What to do: Only a slice of the listing below is wanted. Retype the lines from the one containing "VW Polo 1.2" through the one containing "658 Martindale Rd, Parksville", exactly, both ends included.

___ Materials provided ___

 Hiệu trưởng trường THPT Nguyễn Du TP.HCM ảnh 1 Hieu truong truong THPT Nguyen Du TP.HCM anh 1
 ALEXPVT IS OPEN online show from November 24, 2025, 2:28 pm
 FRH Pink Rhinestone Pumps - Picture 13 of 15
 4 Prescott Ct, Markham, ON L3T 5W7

___
___ Materials provided ___

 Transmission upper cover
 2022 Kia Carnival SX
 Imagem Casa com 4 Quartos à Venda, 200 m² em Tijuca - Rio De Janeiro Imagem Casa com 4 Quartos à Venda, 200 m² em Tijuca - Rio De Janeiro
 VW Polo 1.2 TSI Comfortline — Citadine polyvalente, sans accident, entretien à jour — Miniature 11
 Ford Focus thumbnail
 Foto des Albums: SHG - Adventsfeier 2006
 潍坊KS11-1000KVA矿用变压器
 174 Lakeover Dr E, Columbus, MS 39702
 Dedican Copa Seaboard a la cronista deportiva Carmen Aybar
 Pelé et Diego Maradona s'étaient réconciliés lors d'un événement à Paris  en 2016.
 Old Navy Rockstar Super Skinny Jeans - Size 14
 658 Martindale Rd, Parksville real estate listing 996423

___

Problem solution:
 VW Polo 1.2 TSI Comfortline — Citadine polyvalente, sans accident, entretien à jour — Miniature 11
 Ford Focus thumbnail
 Foto des Albums: SHG - Adventsfeier 2006
 潍坊KS11-1000KVA矿用变压器
 174 Lakeover Dr E, Columbus, MS 39702
 Dedican Copa Seaboard a la cronista deportiva Carmen Aybar
 Pelé et Diego Maradona s'étaient réconciliés lors d'un événement à Paris  en 2016.
 Old Navy Rockstar Super Skinny Jeans - Size 14
 658 Martindale Rd, Parksville real estate listing 996423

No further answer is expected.